◆ **ABOUT THIS TASK**
Begin with the line holding "34 Upperbend, Irvine CA 92618" and end with the last line of the records below. Set down exactly those lines and leave out every picture.

(Items from a data source)
------------------------------------

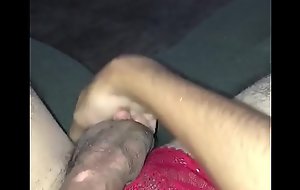 Chico de 18 años se masturbaN con lenceria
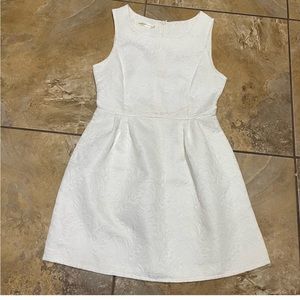 Free! White sleeveless dress with full back zipper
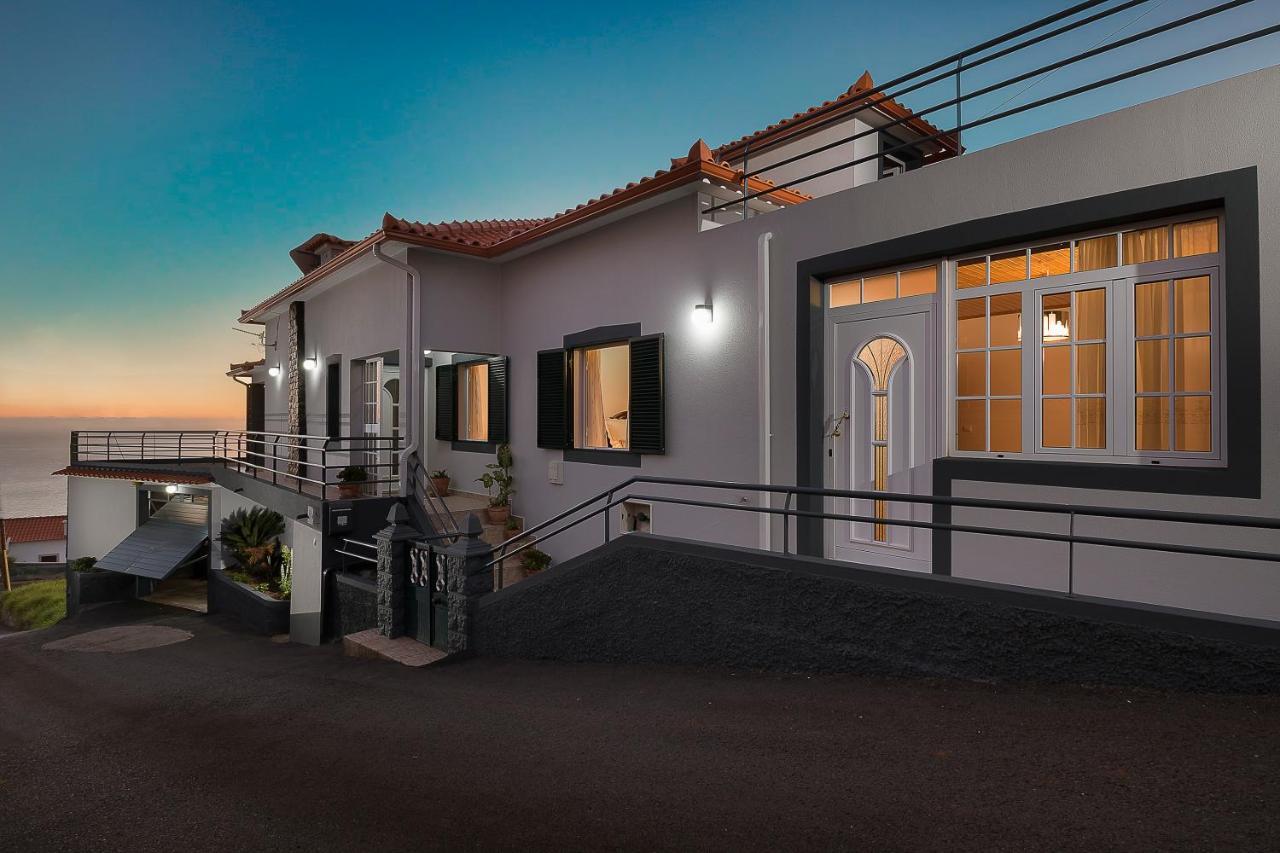 Welcome Home, With A Fantastic View, Sunrise & Sunsets Estreito Da Calheta Экстерьер фото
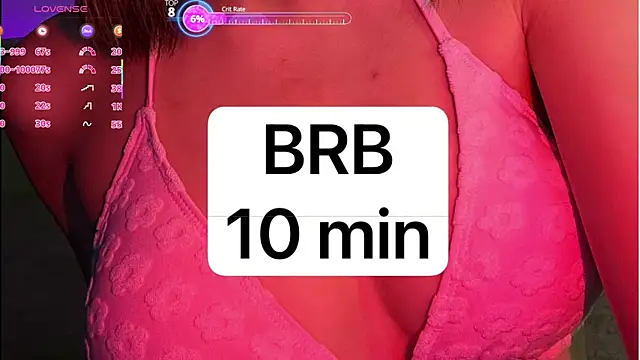 Karolinacreamm live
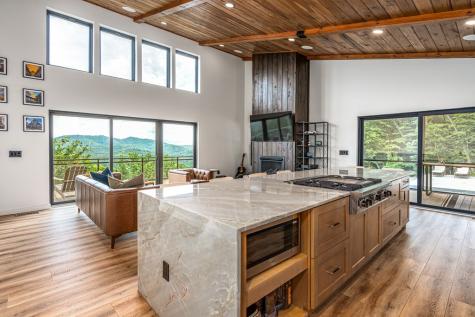 629 Peaks Drive Hayesville NC 28904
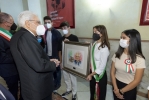 Il Presidente Sergio Mattarella al termine della cerimonia commemorativa del centenario della morte di Giuseppe Di Vagno riceve un dono dal Consiglio Comunale dei ragazzi di Conversano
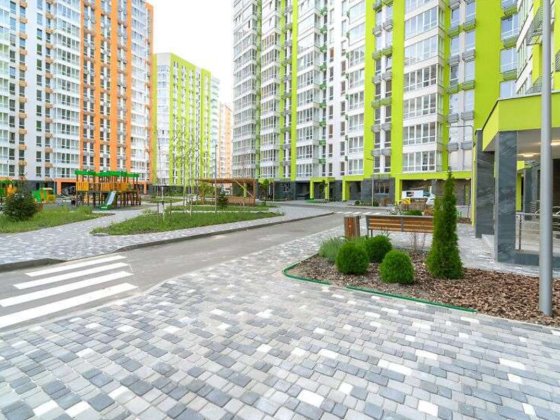 Продаж 1-к квартири вул. Олеся Бердника 1в Киев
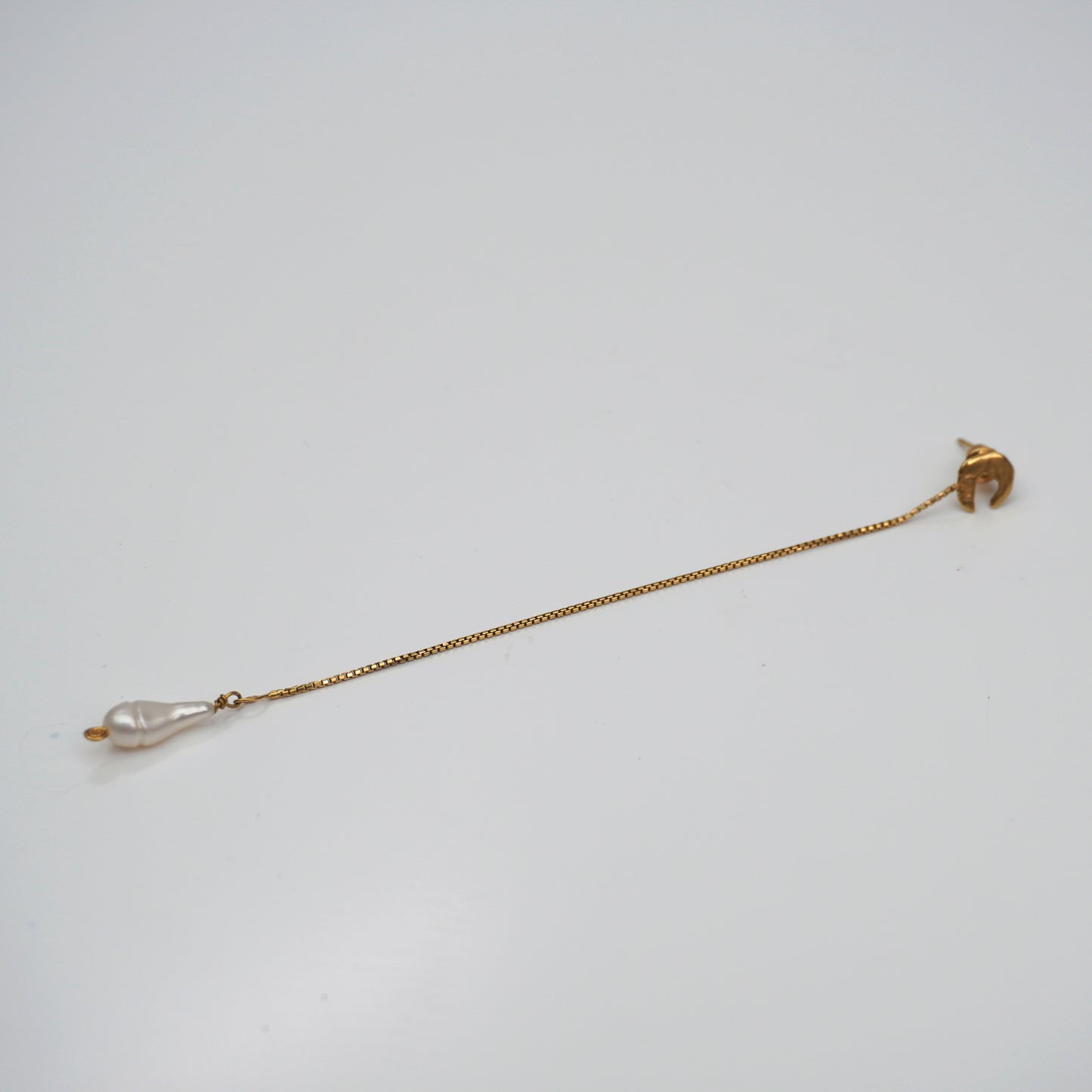 Sospiri velati - Moon Stud Earring
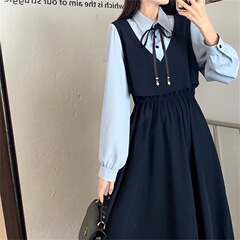 大きいサイズの婦人服の偽の2つのワンピースの女性の秋の新型の太ったmmのフランス式の復古のデザイン感の気質はやせている長いスカートを現します。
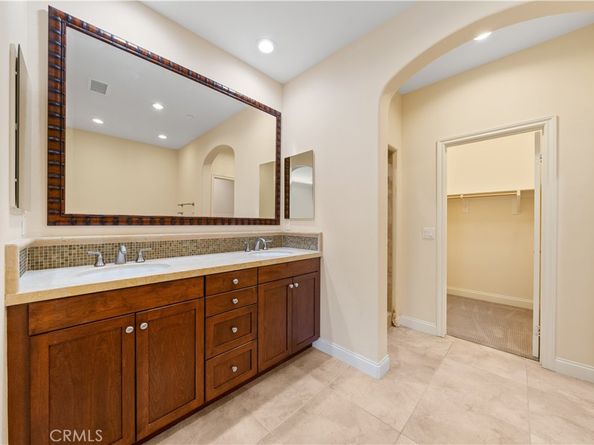 34 Upperbend, Irvine CA 92618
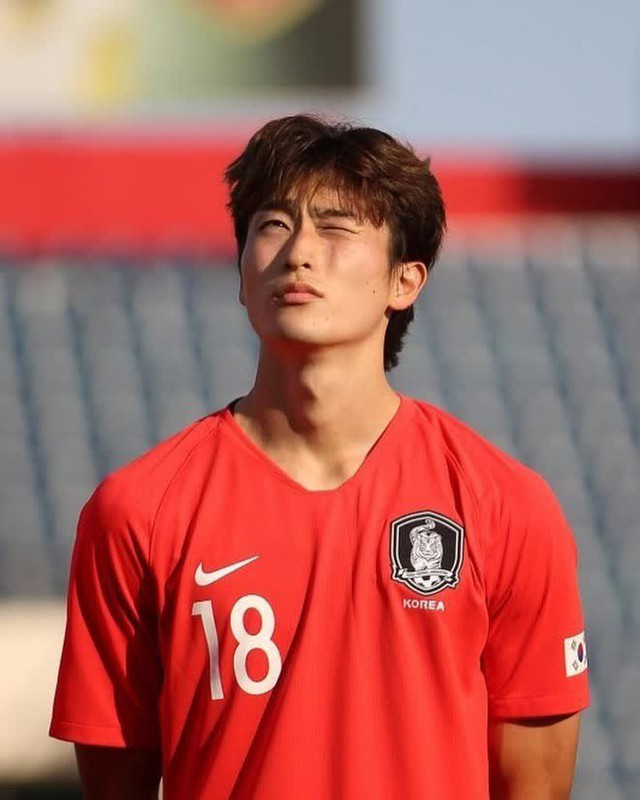  Chân dung nam thần mới của ĐT Hàn Quốc: Từng không định thành cầu thủ chuyên nghiệp, sở hữu chiều cao chuẩn siêu mẫu - Ảnh 2.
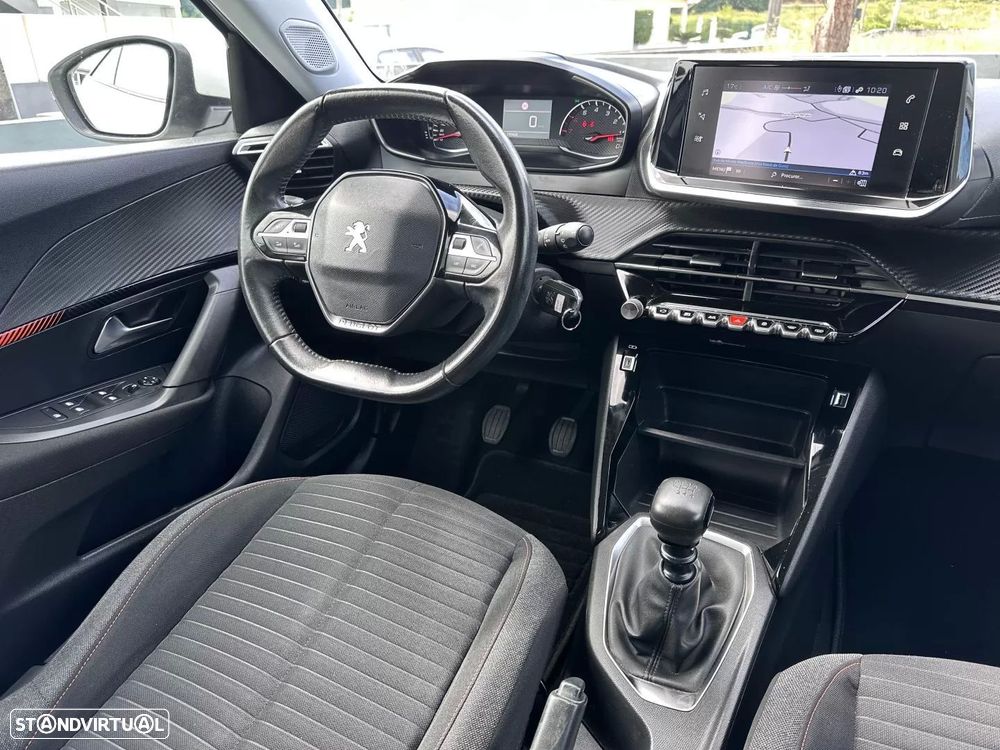 Peugeot 2008 1.2 PureTech Allure Pack - 27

------------------------------------

◆ **EXERCISE RESULT**
 34 Upperbend, Irvine CA 92618
  Chân dung nam thần mới của ĐT Hàn Quốc: Từng không định thành cầu thủ chuyên nghiệp, sở hữu chiều cao chuẩn siêu mẫu - Ảnh 2.
 Peugeot 2008 1.2 PureTech Allure Pack - 27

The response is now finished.